If we take a look at the socket file operations, we can see that sockets have the read_iter operation defined.

static const struct file_operations socket_file_ops = {
    .owner =    THIS_MODULE,
    .llseek =   no_llseek,
    .read_iter =    sock_read_iter,
    .write_iter =   sock_write_iter,
    .poll =     sock_poll,
    .unlocked_ioctl = sock_ioctl,
#ifdef CONFIG_COMPAT
    .compat_ioctl = compat_sock_ioctl,
#endif
    .mmap =     sock_mmap,
    .release =  sock_close,
    .fasync =   sock_fasync,
    .sendpage = sock_sendpage,
    .splice_write = generic_splice_sendpage,
    .splice_read =  sock_splice_read,
    .show_fdinfo =  sock_show_fdinfo,
};

So when this function is called:

ssize_t vfs_read(struct file *file, char __user *buf, size_t count, loff_t *pos)
{
    ssize_t ret;

    if (!(file->f_mode & FMODE_READ))
        return -EBADF;
    if (!(file->f_mode & FMODE_CAN_READ))
        return -EINVAL;
    if (unlikely(!access_ok(buf, count)))
        return -EFAULT;

    ret = rw_verify_area(READ, file, pos, count);
    if (ret)
        return ret;
    if (count > MAX_RW_COUNT)
        count =  MAX_RW_COUNT;

    if (file->f_op->read)
        ret = file->f_op->read(file, buf, count, pos);
    else if (file->f_op->read_iter)
        ret = new_sync_read(file, buf, count, pos);
    else
        ret = -EINVAL;
    if (ret > 0) {
        fsnotify_access(file);
        add_rchar(current, ret);
    }
    inc_syscr(current);
    return ret;
}

the new_sync_read is called instead of the read that would be called if we were to talk about a regular buffer. At the end of the line, the read_iter of the file is called, which was set to sock_read_iter in the struct before. That calls the sock_recvmsg function which, which makes an INET call inet_recvmsg, which goes down to the TCP implementation like tcp_recvmsg, which then calls other TCP functions, which then of course do a bunch of black magic involving flags like MSG_WAITALL indicating that here is also some waiting involved.

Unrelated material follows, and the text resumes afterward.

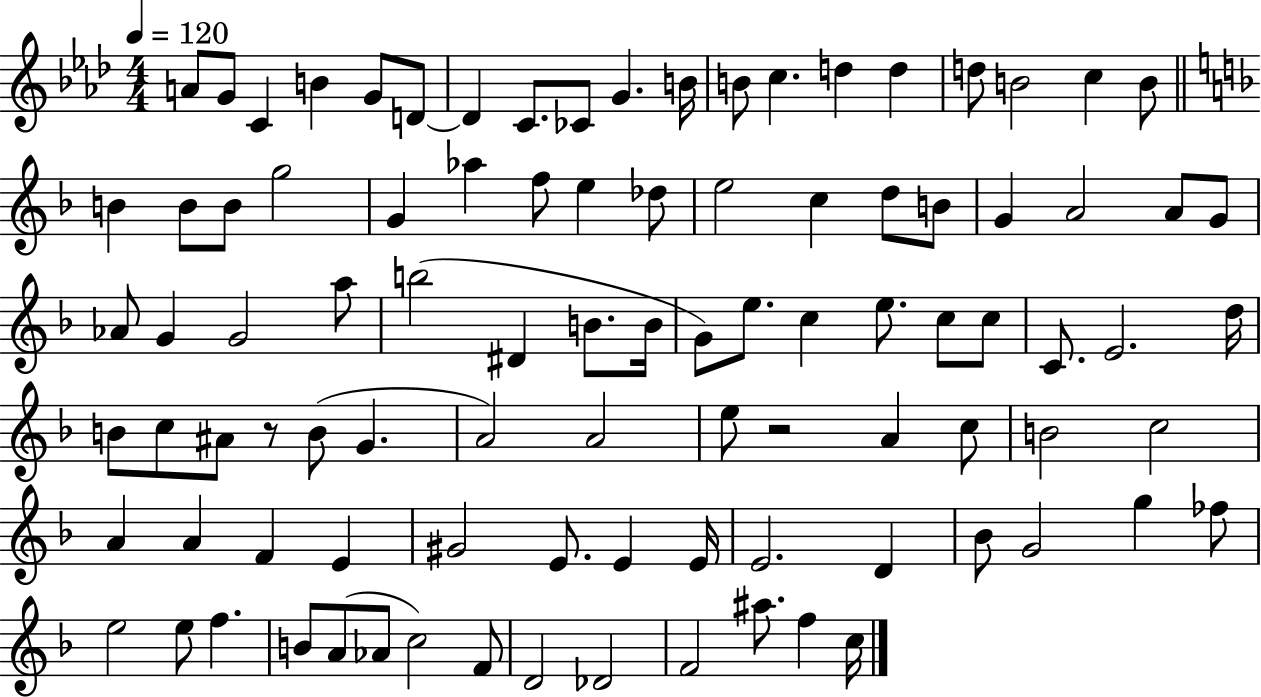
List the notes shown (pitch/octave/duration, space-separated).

A4/e G4/e C4/q B4/q G4/e D4/e D4/q C4/e. CES4/e G4/q. B4/s B4/e C5/q. D5/q D5/q D5/e B4/h C5/q B4/e B4/q B4/e B4/e G5/h G4/q Ab5/q F5/e E5/q Db5/e E5/h C5/q D5/e B4/e G4/q A4/h A4/e G4/e Ab4/e G4/q G4/h A5/e B5/h D#4/q B4/e. B4/s G4/e E5/e. C5/q E5/e. C5/e C5/e C4/e. E4/h. D5/s B4/e C5/e A#4/e R/e B4/e G4/q. A4/h A4/h E5/e R/h A4/q C5/e B4/h C5/h A4/q A4/q F4/q E4/q G#4/h E4/e. E4/q E4/s E4/h. D4/q Bb4/e G4/h G5/q FES5/e E5/h E5/e F5/q. B4/e A4/e Ab4/e C5/h F4/e D4/h Db4/h F4/h A#5/e. F5/q C5/s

The point is, you would be correct in your assumption if we were to talk about "regular" buffers. But with TCP and networking, things get more complicated. And it is not hard to imagine that the most simple way to read 16k from a socket is that a 16k message arrived and is present in that socket. Else it will get complicated.

PS: I am no expert, this was kind of the first time that I dug into the linux kernel implementation. Nevertheless, it was fun. But there could be errors in what I am saying.